= TASK TO COMPLETE =
Look below for the line holding "You can add" and the line holding "Files are saved". Transcribe exactly those lines and all lines between them, nothing more.

= EXCERPTED DATA =
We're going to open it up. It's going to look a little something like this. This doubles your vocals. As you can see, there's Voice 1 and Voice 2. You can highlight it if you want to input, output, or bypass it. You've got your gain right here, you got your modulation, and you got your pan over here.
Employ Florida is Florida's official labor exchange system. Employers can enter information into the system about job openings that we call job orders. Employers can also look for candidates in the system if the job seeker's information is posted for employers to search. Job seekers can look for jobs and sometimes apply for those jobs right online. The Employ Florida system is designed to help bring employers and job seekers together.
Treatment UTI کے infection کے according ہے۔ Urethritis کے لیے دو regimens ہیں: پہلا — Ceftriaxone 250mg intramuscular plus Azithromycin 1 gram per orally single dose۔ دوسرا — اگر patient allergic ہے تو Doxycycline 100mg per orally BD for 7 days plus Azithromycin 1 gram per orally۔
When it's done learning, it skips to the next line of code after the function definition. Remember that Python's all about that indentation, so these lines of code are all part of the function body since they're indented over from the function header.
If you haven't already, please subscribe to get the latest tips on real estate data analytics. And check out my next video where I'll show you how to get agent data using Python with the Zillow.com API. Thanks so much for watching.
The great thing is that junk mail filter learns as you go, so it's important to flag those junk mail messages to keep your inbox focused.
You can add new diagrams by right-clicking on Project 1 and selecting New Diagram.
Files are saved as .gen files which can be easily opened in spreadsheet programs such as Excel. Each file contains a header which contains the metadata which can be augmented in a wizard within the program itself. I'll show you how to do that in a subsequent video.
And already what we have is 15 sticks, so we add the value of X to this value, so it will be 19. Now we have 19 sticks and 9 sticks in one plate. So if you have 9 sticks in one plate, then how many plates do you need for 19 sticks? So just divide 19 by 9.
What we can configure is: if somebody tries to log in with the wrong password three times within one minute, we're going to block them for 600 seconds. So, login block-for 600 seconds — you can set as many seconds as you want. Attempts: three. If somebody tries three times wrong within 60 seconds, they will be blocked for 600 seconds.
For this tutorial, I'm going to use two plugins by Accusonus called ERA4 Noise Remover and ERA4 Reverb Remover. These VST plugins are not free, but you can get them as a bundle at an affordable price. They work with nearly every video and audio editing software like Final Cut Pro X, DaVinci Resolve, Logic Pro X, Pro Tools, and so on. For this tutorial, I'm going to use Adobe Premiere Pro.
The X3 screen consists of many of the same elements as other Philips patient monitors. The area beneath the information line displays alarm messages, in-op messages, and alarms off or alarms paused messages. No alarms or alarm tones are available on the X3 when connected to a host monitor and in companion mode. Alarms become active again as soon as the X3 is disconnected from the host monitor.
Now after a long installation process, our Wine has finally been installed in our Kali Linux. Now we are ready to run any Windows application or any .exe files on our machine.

= RESPONSE =
You can add new diagrams by right-clicking on Project 1 and selecting New Diagram.
Files are saved as .gen files which can be easily opened in spreadsheet programs such as Excel. Each file contains a header which contains the metadata which can be augmented in a wizard within the program itself. I'll show you how to do that in a subsequent video.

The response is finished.